What Is Intelligence?

  1. It was traditionally assumed that intelligence was one general entity. From that assumption sprung the idea that intelligence in a measurable quantity, which decreases over adulthood. However, current evidence questions these assumptions.
  2. Longitudinal research has found that the IQ of each adult tends to increase, particularly in vocabulary and general knowledge, until age 60 or so. Cross-sectional research has found that the reason younger adults traditionally score higher than older adults on IQ tests is not because of their age but because of historical improvements in health and education.
  3. K. Warner Schaie found that some primary abilities (such as spatial understanding) decline with age while others (such as vocabulary) increase. Education, vocation, and family, as well as age, seem to affect these abilities.

Components of Intelligence: Many and Varied

  1. Cattell and Horn concluded that although crystallized intelligence—which is based on accumulated knowledge—increases over time, a person’s fluid, flexible reasoning skills decline with age.
  2. Sternberg proposed three fundamental forms of intelligence: analytic, creative, and practical. Most research finds that, although analytic and creative abilities decline with age, practical intelligence may improve.
  3. Overall, cultural values and the changing demands that come with age develop some cognitive abilities more than others. Each person and each culture responds to these demands, but their influence on cognition may not be reflected in psychometric tests.

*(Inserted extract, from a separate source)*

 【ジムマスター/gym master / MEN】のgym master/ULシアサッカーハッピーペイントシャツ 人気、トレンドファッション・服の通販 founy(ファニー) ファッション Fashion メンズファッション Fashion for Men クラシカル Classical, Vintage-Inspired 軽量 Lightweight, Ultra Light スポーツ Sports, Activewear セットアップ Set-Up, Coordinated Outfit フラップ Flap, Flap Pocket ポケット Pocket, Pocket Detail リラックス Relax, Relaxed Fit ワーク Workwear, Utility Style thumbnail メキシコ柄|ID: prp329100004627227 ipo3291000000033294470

Selective Gains and Losses

  1. People experience many stressors over the 40+ years of adulthood, and they use various coping methods, depending on the particular stressor and on their age and background. A combination of stressors increases allostatic load and reduces health.
  2. As people grow older, they choose to focus on certain aspects of their lives, optimizing development in those areas and compensating for declines in others, as necessary. As applied to cognition, selective optimization with compensation means that people specialize in whatever intellectual skills they choose. Meanwhile, abilities that are not exercised may fade.
  3. In addition to being more experienced, experts are better thinkers than novices for four reasons. They are more intuitive; their cognitive processes are automatic, often seeming to require little conscious thought; they use more and better strategies to perform whatever task is required; they are more flexible.
  4. Expertise in adulthood is particularly apparent in the workplace, as evidenced by doctors, airplane pilots, and taxi drivers. Experienced workers often outperform younger workers because they specialize, compensating for any losses that may appear.
  5. Raising children and responding well to the emotional complexities and unanticipated challenges of family life are now recognized and valued as expert work. Experience and maturation increase the likelihood of family expertise.